I have a Probotix router and I would switch the X and Y axis. I would think it would not be that hard but I don't want to screw anything up on the computer config files in case it doesn't work. I thought I would ask in case someone has already gone through the change already. It is running LinuxCnc.


----------



## 4DThinker (Feb 16, 2014)

Which Probotix model? If it is the Comet/Asteroid/Meteor you'll be challenged because they use two motors for Y and only one for X.


----------



## OPG3 (Jan 9, 2011)

Marty,

First let me say that [obviously] I'm unfamiliar with your setup, but I have to ask this question. This is the sort of thing required daily in manufacturing. Can't you simply locate the centroid of vectors and then rotate your image 90*?

Otis Guillebeau from Auburn, Georgia


----------



## mtyflory (Apr 6, 2014)

I have the Meteor. I know that it is not an easy one to do.


----------



## mtyflory (Apr 6, 2014)

Yes I know I can just rotate the part. But the thing is I have been machining for a long time and to get my mind to change and think that the short axis is X is going to be a very hard thing for me to do. Its also about where I stand when running the router everything says that the axis are backward. I have never seen a machine where the X axis was not the longer travel axis. Thank you all for your help.


----------



## 4DThinker (Feb 16, 2014)

I went from a CNC shark to a Meteor. The Shark had a square 25" x 25" cutting area so X vs Y didn't matter. I got used to Y moving the gantry forward and back , and X moving the router left and right along the gantry. From my perspective the Meteor is just right. Y moves the Gantry forward and back, and X moves the router left and right along the gantry. 

Of course the Multicam I can use at work has X moving the gantry forward and back while Y moves the spindle along the gantry. I see your confusion and raise you a headache.


----------



## mtyflory (Apr 6, 2014)

4DThinker said:


> I went from a CNC shark to a Meteor. The Shark had a square 25" x 25" cutting area so X vs Y didn't matter. I got used to Y moving the gantry forward and back , and X moving the router left and right along the gantry. From my perspective the Meteor is just right. Y moves the Gantry forward and back, and X moves the router left and right along the gantry.
> 
> Of course the Multicam I can use at work has X moving the gantry forward and back while Y moves the spindle along the gantry. I see your confusion and raise you a headache.


Yea its not that I can't live with it but it more productive if it were reversed because I don't have to think before I do something.


----------



## 4DThinker (Feb 16, 2014)

The folks at Probotix are typically very helpful.
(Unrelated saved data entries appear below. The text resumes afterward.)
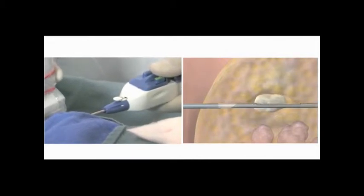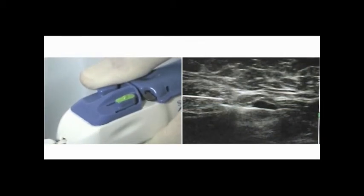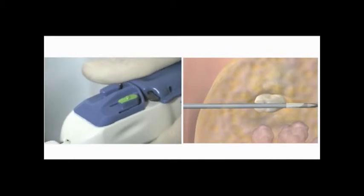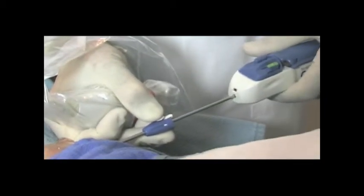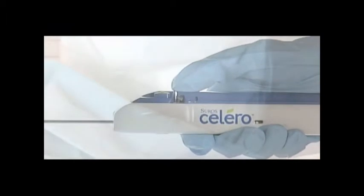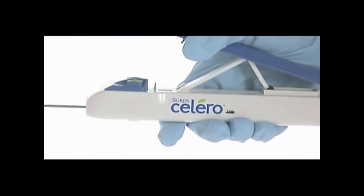The needle will advance 25 millimeters. Confirm the open aperture is in correct placement on the ultrasound image. To begin tissue acquisition, press the blue button on the top of the Solero handpiece. Once you acquire the tissue sample, leave the introducer sheath in place and detach the Solero needle from the hub by pressing the white latch. Remove the needle from the breast. Release the Solero actuating lever by depressing the black latch located on the top left side of the device.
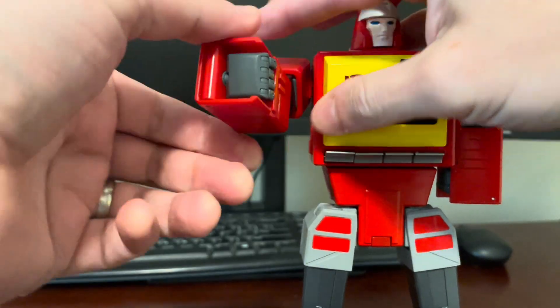Then we can start looking at the legs. What you're going to do with the leg — you're going to flip up this gray piece on the side, fold it like so. Then you're going to flip up this entire leg, like so. You can flip this piece down, open this up, then you're going to pull the foot out all the way like that. It tends to get stuck right here. And then you can flip out this piece.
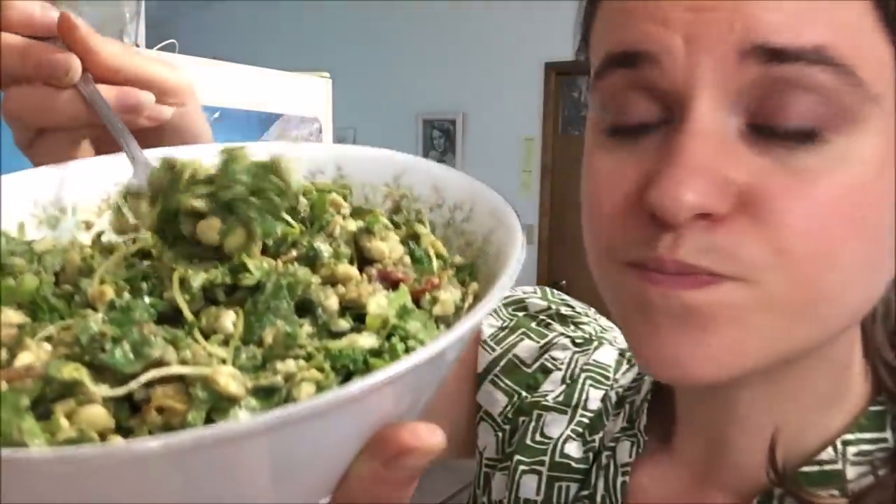Are you guys seeing this? And this is dinner for one — there's no leftovers, okay? For a raw foodie, there's no leftovers. This is dinner for one, in two parts of course.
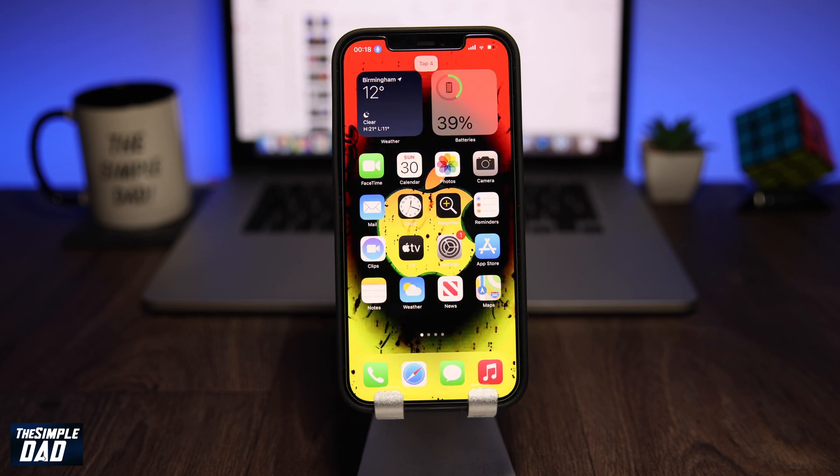And there you go — that is how to unlock and lock your iPhone with your voice. My name is Karthik and you're watching The Simple Dad. Thanks for watching, see you in the next one.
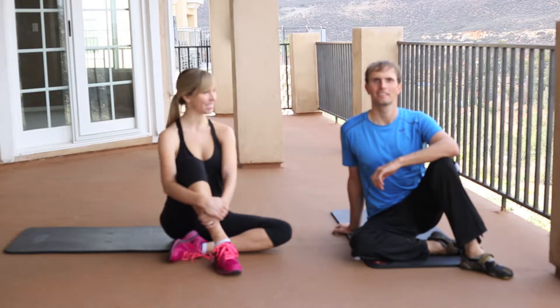Welcome to Fit Body Full Life TV. I'm Christina, and this is Tom. We're going to show you how to do the hundreds. This is a really challenging exercise, so make sure to keep those abdominals tight. Let's get started.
You might give their support number a call to ask about swapping X and Y. They are getting busy these days now with more orders than expected, so just don't be surprised if it takes them awhile to get an answer for you. 

If I was more comfortable with Linux I'd look into the LinuxCNC settings for you, but given the meteor is my first exposure I'm not wanting to risk screwing myself in the process. 

4D


----------



## mtyflory (Apr 6, 2014)

4DThinker said:


> The folks at Probotix are typically very helpful. You might give their support number a call to ask about swapping X and Y. They are getting busy these days now with more orders than expected, so just don't be surprised if it takes them awhile to get an answer for you.
> 
> If I was more comfortable with Linux I'd look into the LinuxCNC settings for you, but given the meteor is my first exposure I'm not wanting to risk screwing myself in the process.
> 
> 4D


Yes I know they are getting very busy. And they did say that I should be able to find the config file somewhere on their web sight but it is not anywhere I can find it. I think I will give them another call and see if they can tell me exactly how to convert this over.

Thanks to all.


----------



## 4DThinker (Feb 16, 2014)

They may have meant finding the config file to edit on your linux PC. If they know how to change it so X is Y and Y is X, then ask them if they can simply email you the edited file with info on where to copy it to.


----------



## mtyflory (Apr 6, 2014)

Yes I will have to call them again and see if they can help with the config file.

Thank You for your help.


----------